Task inputs
───

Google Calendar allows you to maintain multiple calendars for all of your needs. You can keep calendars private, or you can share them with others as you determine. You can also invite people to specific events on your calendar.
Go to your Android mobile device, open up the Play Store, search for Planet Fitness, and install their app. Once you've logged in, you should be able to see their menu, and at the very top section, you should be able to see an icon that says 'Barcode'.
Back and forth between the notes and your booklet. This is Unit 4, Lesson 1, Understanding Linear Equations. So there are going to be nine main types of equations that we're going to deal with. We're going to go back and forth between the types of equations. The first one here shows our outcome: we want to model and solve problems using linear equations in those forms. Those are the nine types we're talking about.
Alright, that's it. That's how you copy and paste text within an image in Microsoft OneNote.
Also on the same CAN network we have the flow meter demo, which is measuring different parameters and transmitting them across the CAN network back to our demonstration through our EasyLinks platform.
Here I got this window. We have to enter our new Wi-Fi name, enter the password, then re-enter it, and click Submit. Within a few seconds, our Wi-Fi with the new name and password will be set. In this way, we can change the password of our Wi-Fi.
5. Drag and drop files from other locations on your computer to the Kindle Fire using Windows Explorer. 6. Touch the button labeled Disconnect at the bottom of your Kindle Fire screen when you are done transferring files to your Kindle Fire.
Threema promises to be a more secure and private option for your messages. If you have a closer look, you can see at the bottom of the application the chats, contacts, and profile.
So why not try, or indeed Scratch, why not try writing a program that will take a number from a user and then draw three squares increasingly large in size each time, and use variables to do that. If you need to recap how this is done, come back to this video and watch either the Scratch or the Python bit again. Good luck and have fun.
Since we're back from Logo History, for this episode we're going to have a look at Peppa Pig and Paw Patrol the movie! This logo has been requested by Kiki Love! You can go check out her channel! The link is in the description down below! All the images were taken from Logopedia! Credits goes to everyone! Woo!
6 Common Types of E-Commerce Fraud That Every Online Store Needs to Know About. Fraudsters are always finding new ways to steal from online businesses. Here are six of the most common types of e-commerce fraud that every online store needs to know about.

───

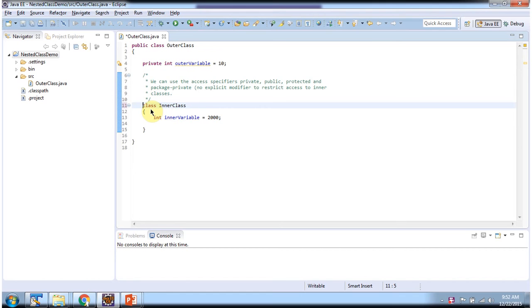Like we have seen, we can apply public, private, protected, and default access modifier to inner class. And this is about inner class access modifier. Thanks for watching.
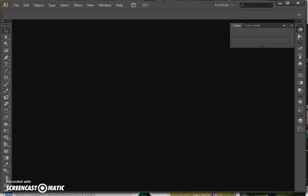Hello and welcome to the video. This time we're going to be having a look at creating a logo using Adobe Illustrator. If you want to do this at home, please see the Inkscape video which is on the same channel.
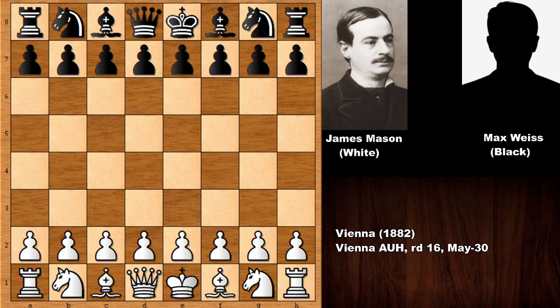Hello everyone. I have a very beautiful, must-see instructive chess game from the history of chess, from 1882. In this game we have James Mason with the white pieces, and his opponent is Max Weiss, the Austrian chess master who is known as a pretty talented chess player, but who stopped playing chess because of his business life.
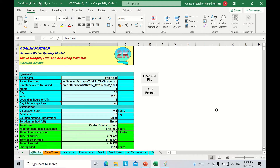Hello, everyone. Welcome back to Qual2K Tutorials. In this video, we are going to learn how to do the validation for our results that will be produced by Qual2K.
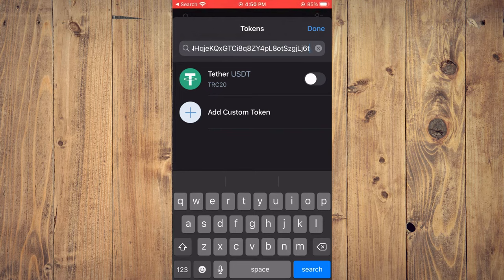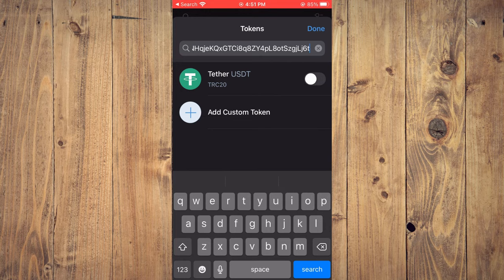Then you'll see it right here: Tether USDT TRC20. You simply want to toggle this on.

───

What this task involves
Whenever the word "bottom" shows up in a line of the entries, copy that line.

Solution
5. Drag and drop files from other locations on your computer to the Kindle Fire using Windows Explorer. 6. Touch the button labeled Disconnect at the bottom of your Kindle Fire screen when you are done transferring files to your Kindle Fire.
Threema promises to be a more secure and private option for your messages. If you have a closer look, you can see at the bottom of the application the chats, contacts, and profile.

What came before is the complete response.